__WHAT YOU ARE ASKED TO DO__
Output the lines of the records exactly, from the first through the one containing "Load image into". Omit all pictures.

__Data items__
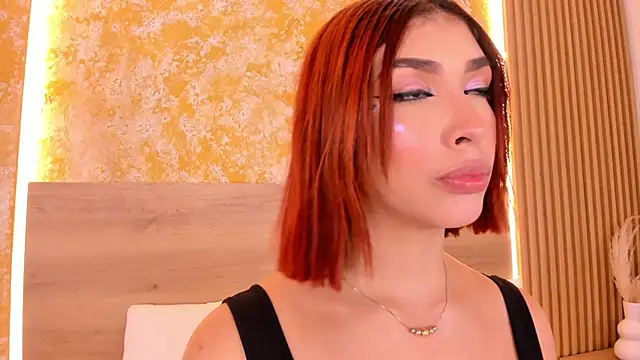 Alana 2916  online show from October 2025 03:47:02 AM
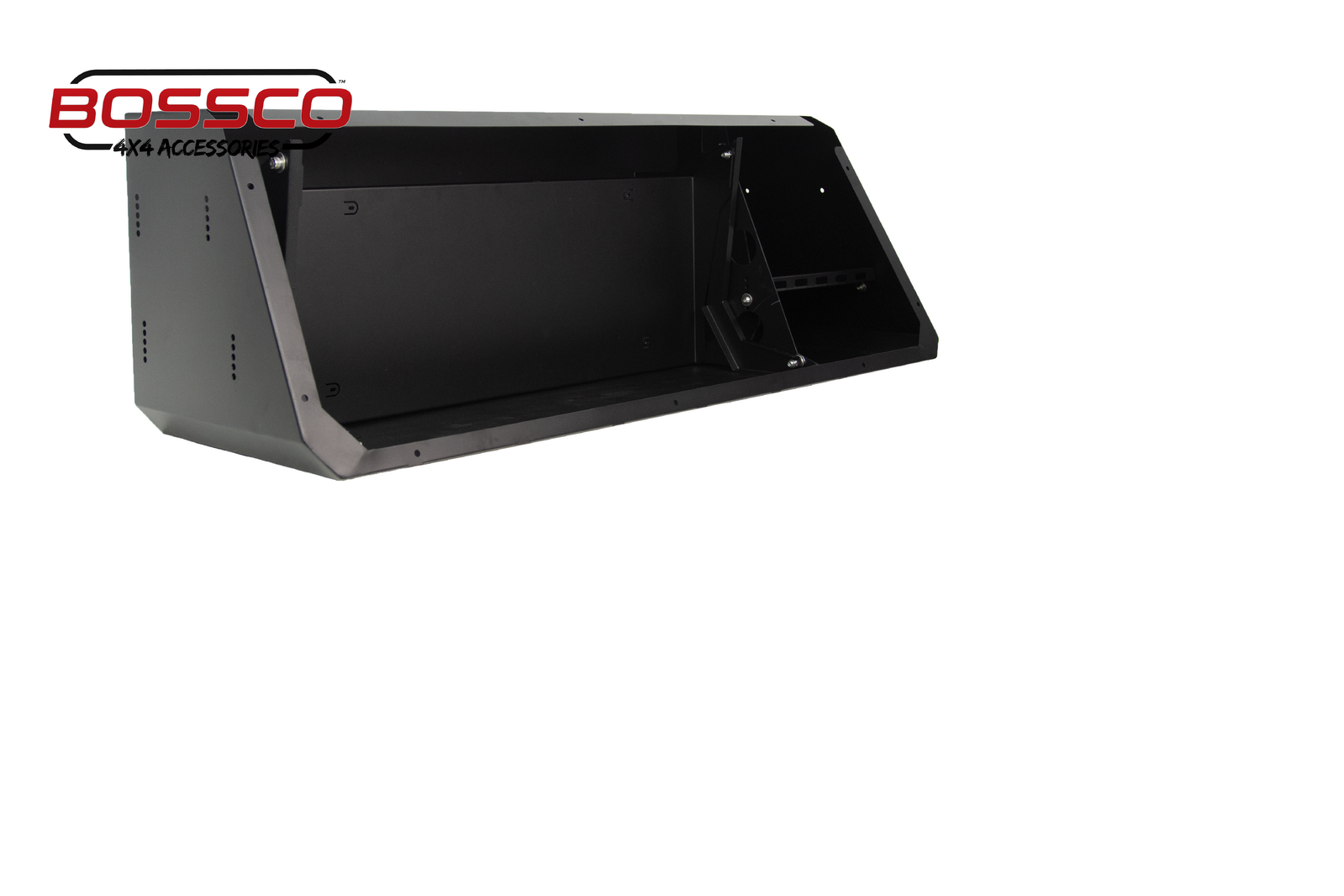 BCX Canopy Modular Storage Units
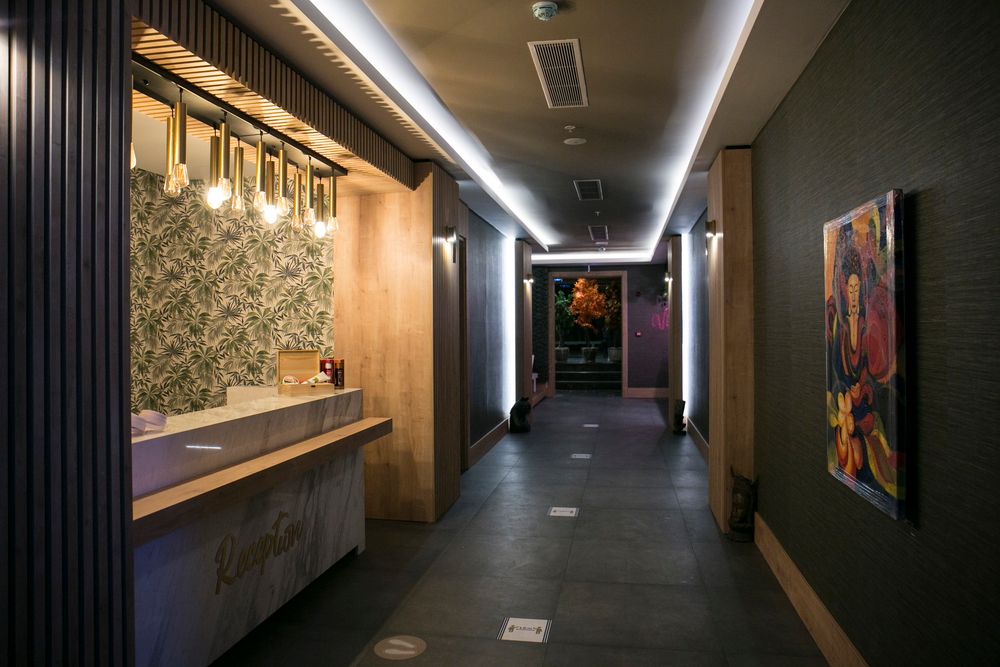 Sailors Beach Club - 97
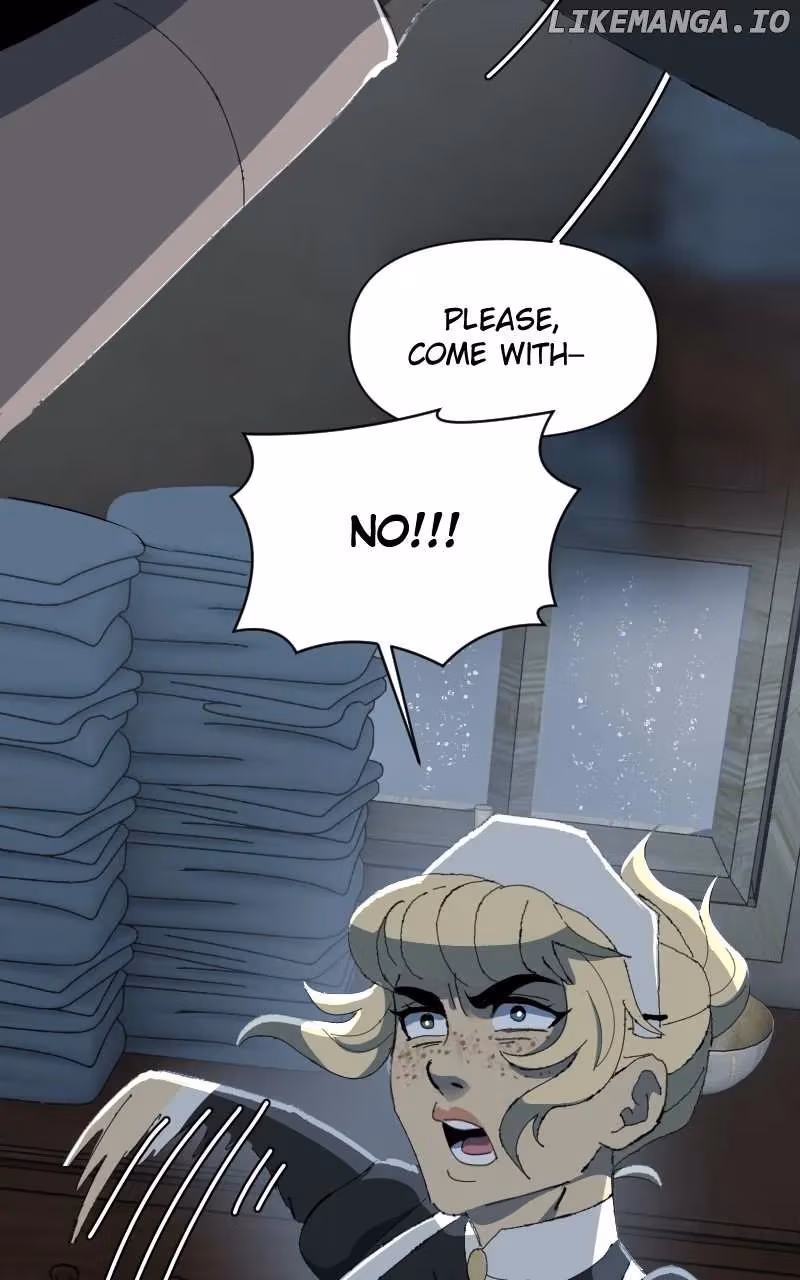 Silent Screams Chapter 70 page 40 - 
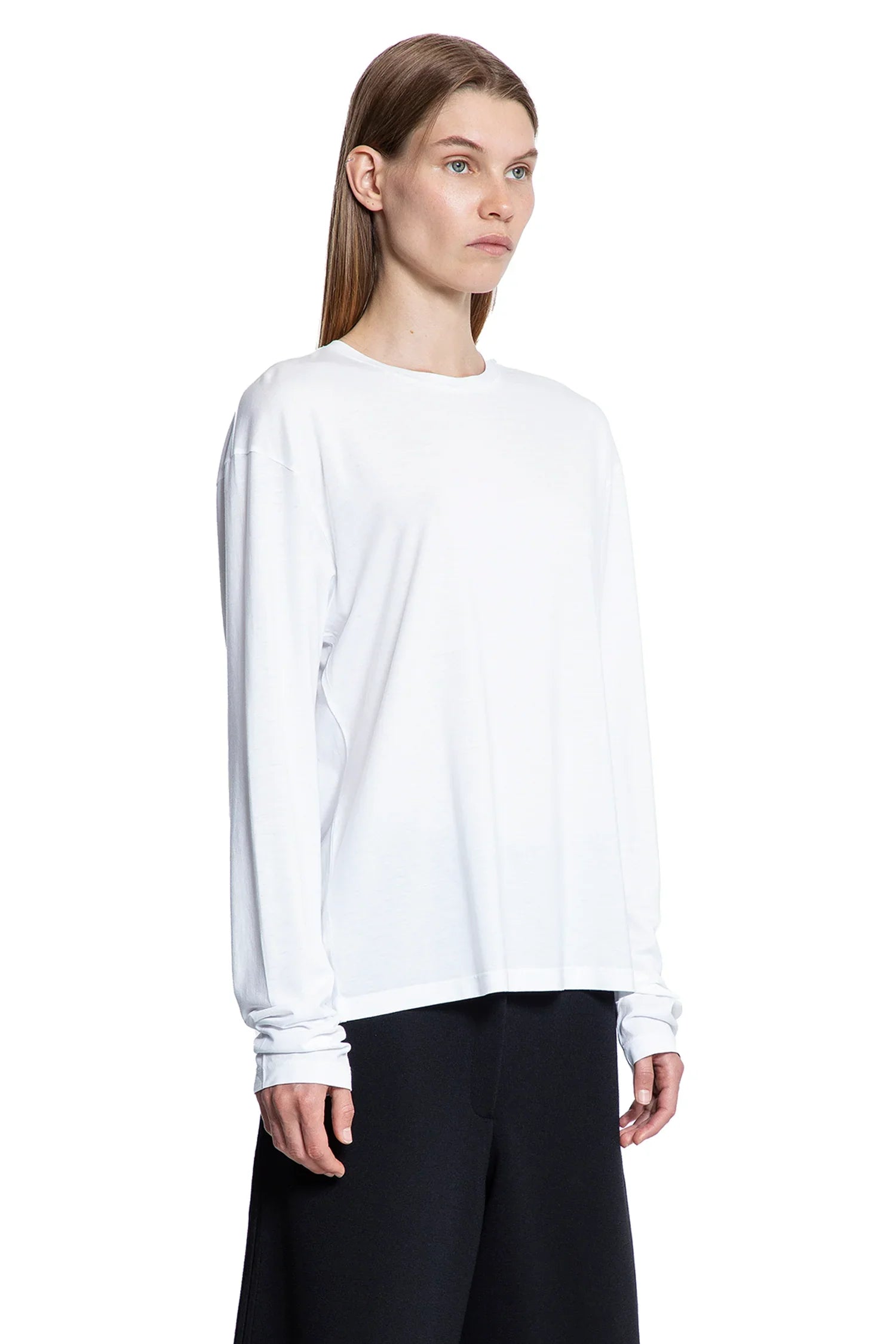 Classic Long Sleeve Tee - Antonioli.eu
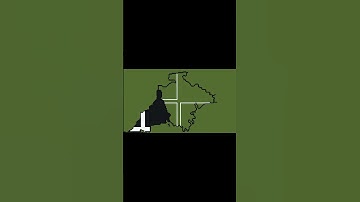 Minecraft Devon - British Isles Counties #counties #uk #devon #minecraft #mapping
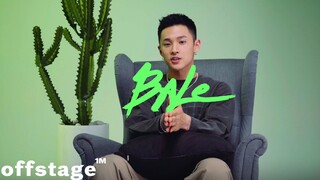 【1M制作】专访系列之Bale篇 - What's Up with Bale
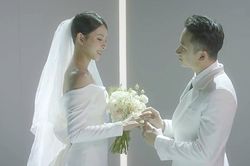 Phan Mạnh Quỳnh tặng vợ ca khúc mới 'Gặp gỡ, yêu đương và được bên em'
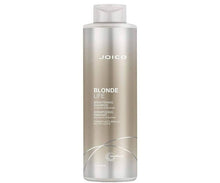 Load image into Gallery viewer, JOICO Blonde Life Brightening Shampoo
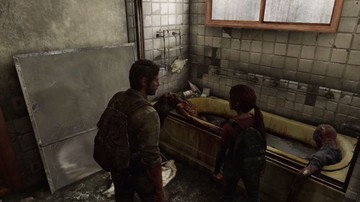 The Last of Us - Screenshot #73448 | 1280 x 720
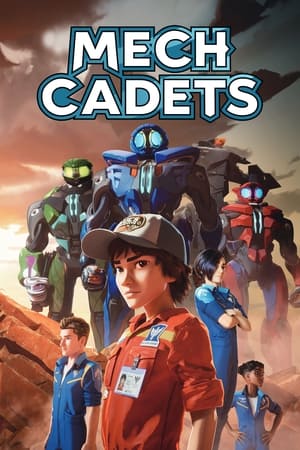 Ver Cadetes de mechas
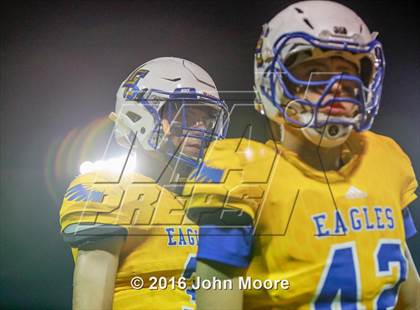 Thumbnail 2 in Trinity Christian @ Lubbock Christian photogallery.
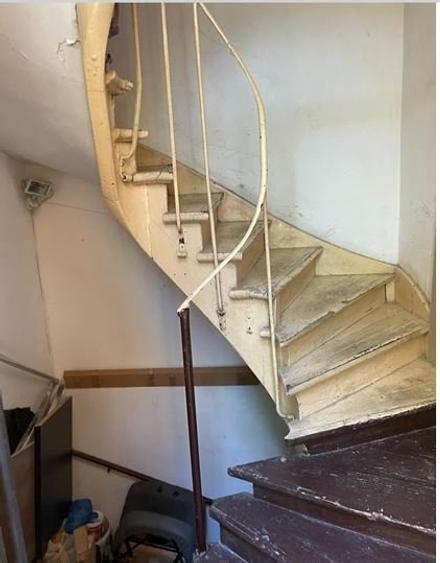 Apartament cu 4 camere în Unirii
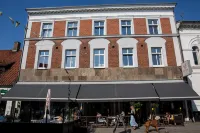 Prins Carl Hotels in Істад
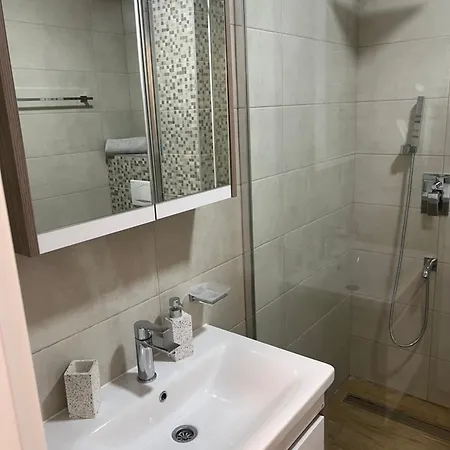 апартман ђокић Apartment Banja Koviljaca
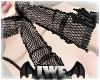 ⚚ Arms Fishnets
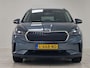 Skoda Enyaq iV 60 First Edition ELEKTRISCH UITKLAPBARE TREKHAAK | SOH 93,7 % | NAVIGATIE | ACHTERUITRIJCAMERA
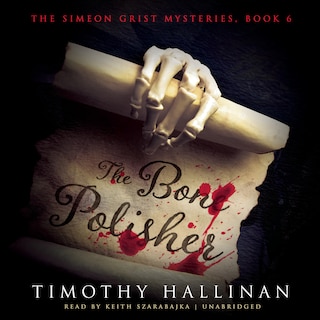 Front cover_The Bone Polisher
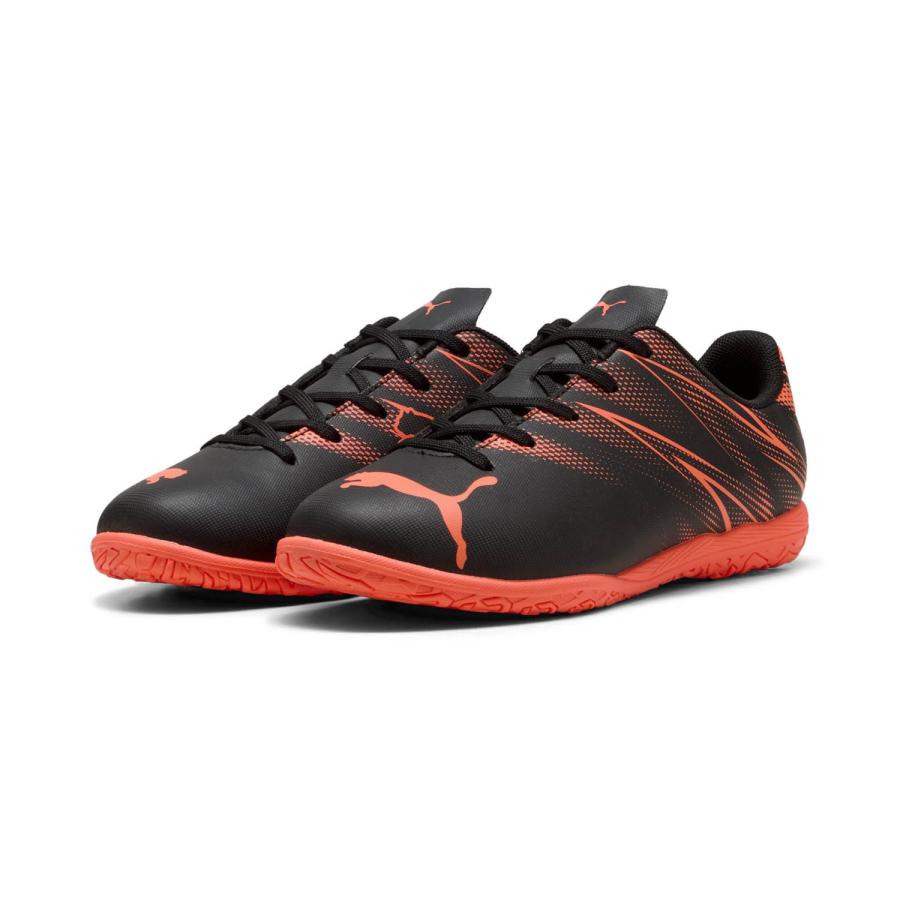 Htd1さん専用 PUMA（プーマ） 107482 09 フットサルシューズ ジュニア インドア用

__ANSWER BELOW__
 Alana 2916  online show from October 2025 03:47:02 AM
 BCX Canopy Modular Storage Units
 Sailors Beach Club - 97
 Silent Screams Chapter 70 page 40 - 
 Classic Long Sleeve Tee - Antonioli.eu
 Minecraft Devon - British Isles Counties #counties #uk #devon #minecraft #mapping
 【1M制作】专访系列之Bale篇 - What's Up with Bale
 Phan Mạnh Quỳnh tặng vợ ca khúc mới 'Gặp gỡ, yêu đương và được bên em'
 Load image into Gallery viewer, JOICO Blonde Life Brightening Shampoo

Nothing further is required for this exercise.